Set down every line from the one containing "1503-11 David Eyer" through the last line of the records below, exactly as written, and leave out the pictures.
*** Material to process ***
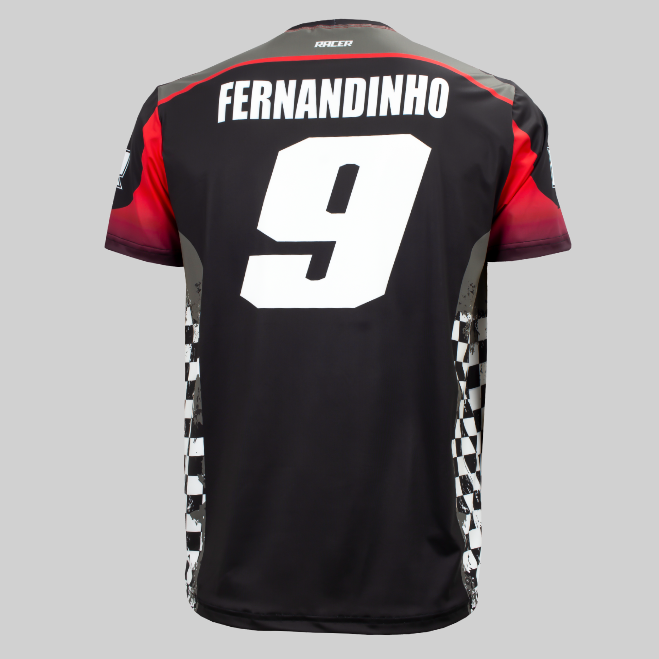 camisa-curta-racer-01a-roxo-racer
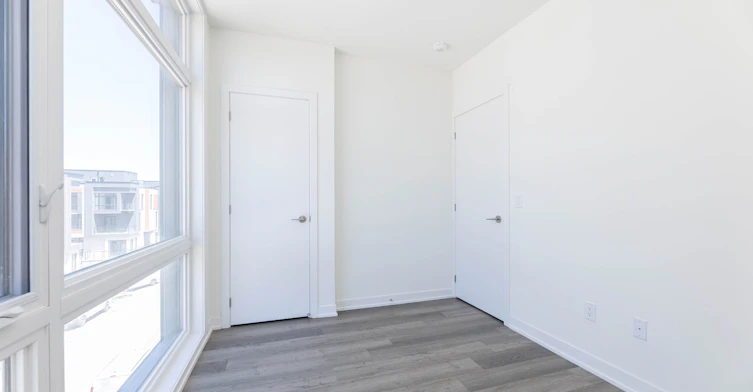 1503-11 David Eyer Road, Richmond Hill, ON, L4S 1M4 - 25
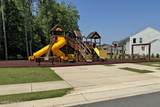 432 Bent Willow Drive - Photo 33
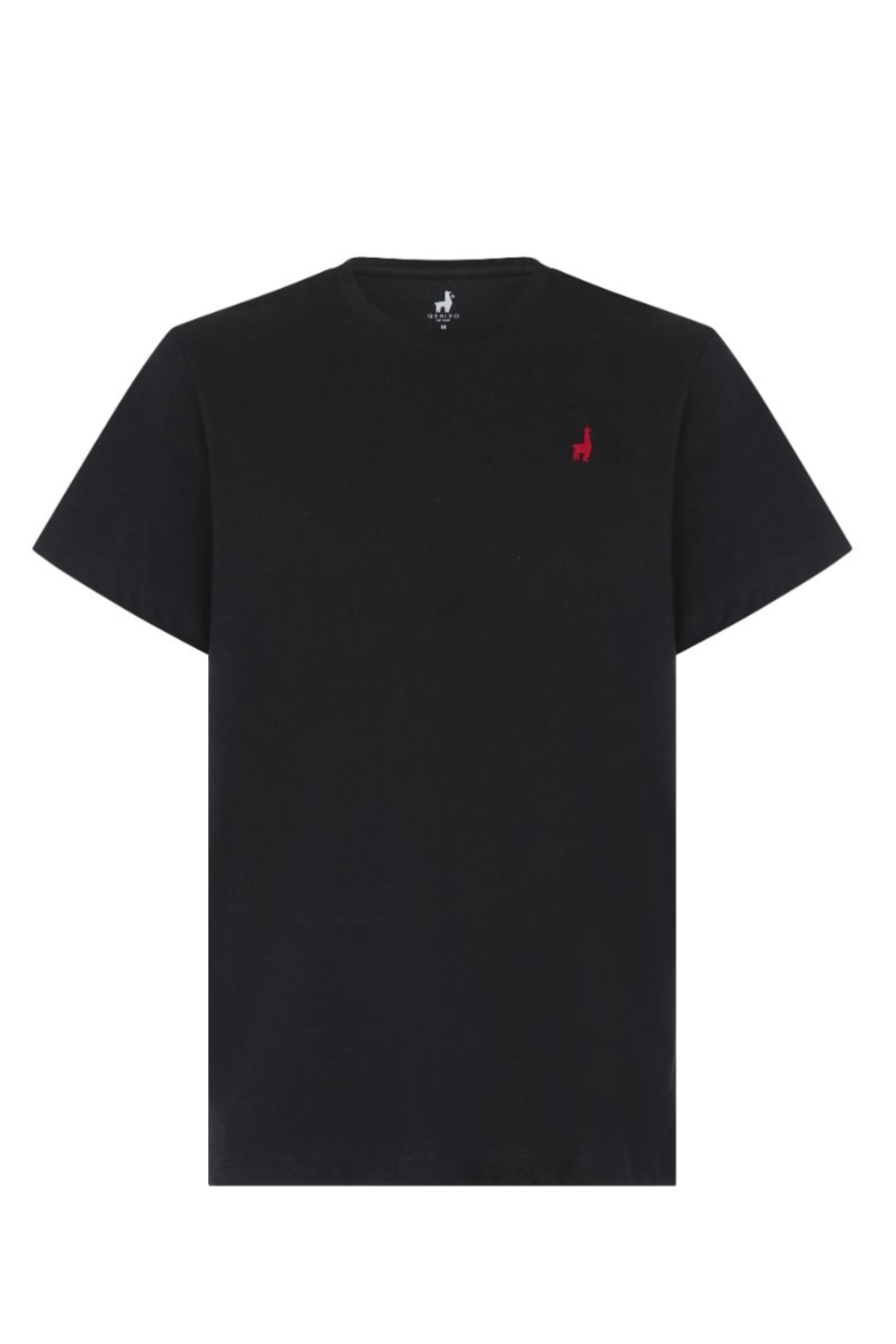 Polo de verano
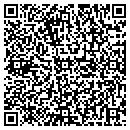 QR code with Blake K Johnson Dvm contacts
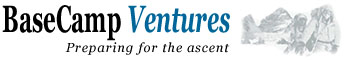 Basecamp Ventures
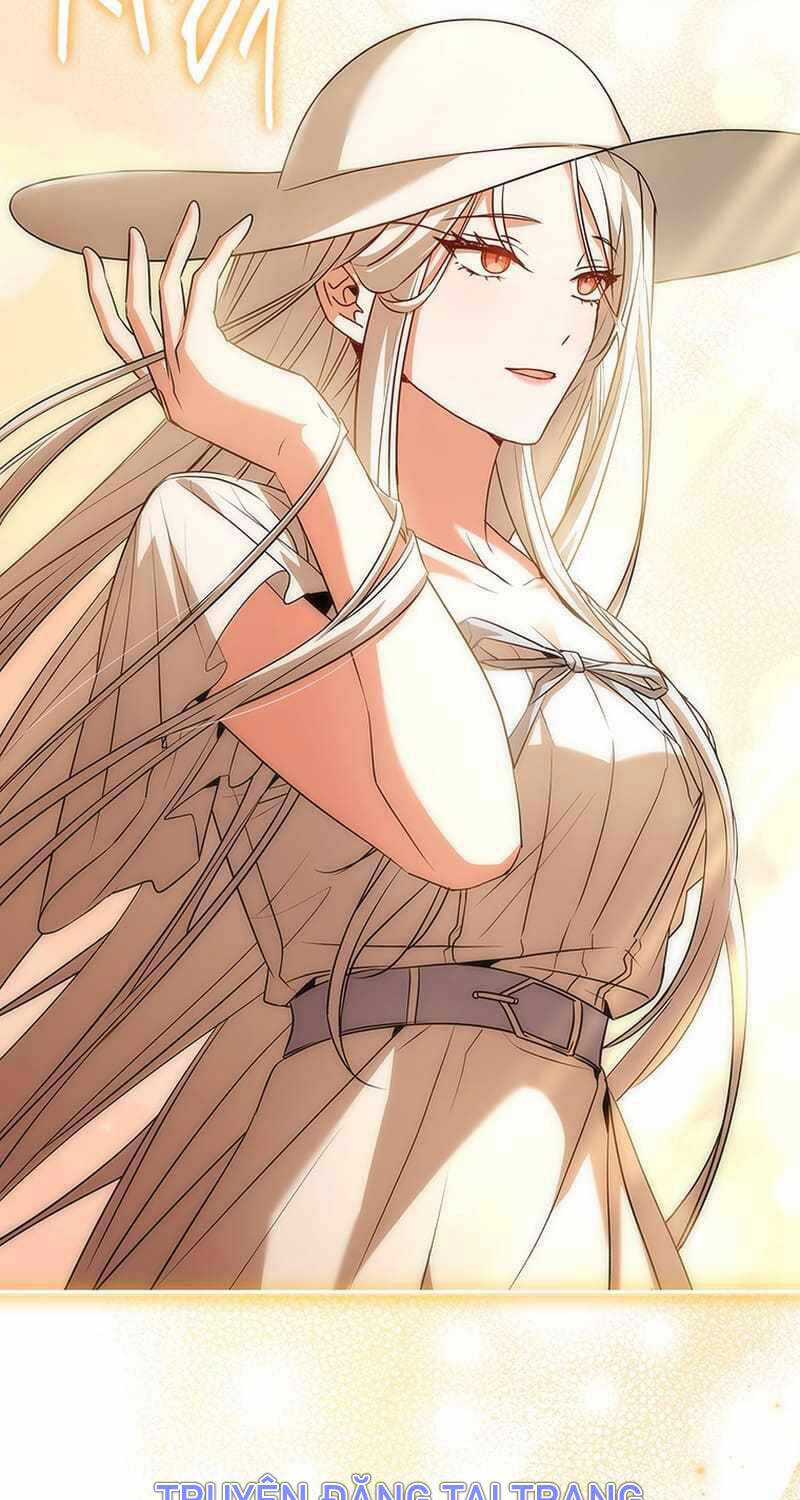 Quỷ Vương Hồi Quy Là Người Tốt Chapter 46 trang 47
*** End of Material to process ***
→ **Solution**
 1503-11 David Eyer Road, Richmond Hill, ON, L4S 1M4 - 25
 432 Bent Willow Drive - Photo 33
 Polo de verano
 QR code with Blake K Johnson Dvm contacts
 Basecamp Ventures
 Quỷ Vương Hồi Quy Là Người Tốt Chapter 46 trang 47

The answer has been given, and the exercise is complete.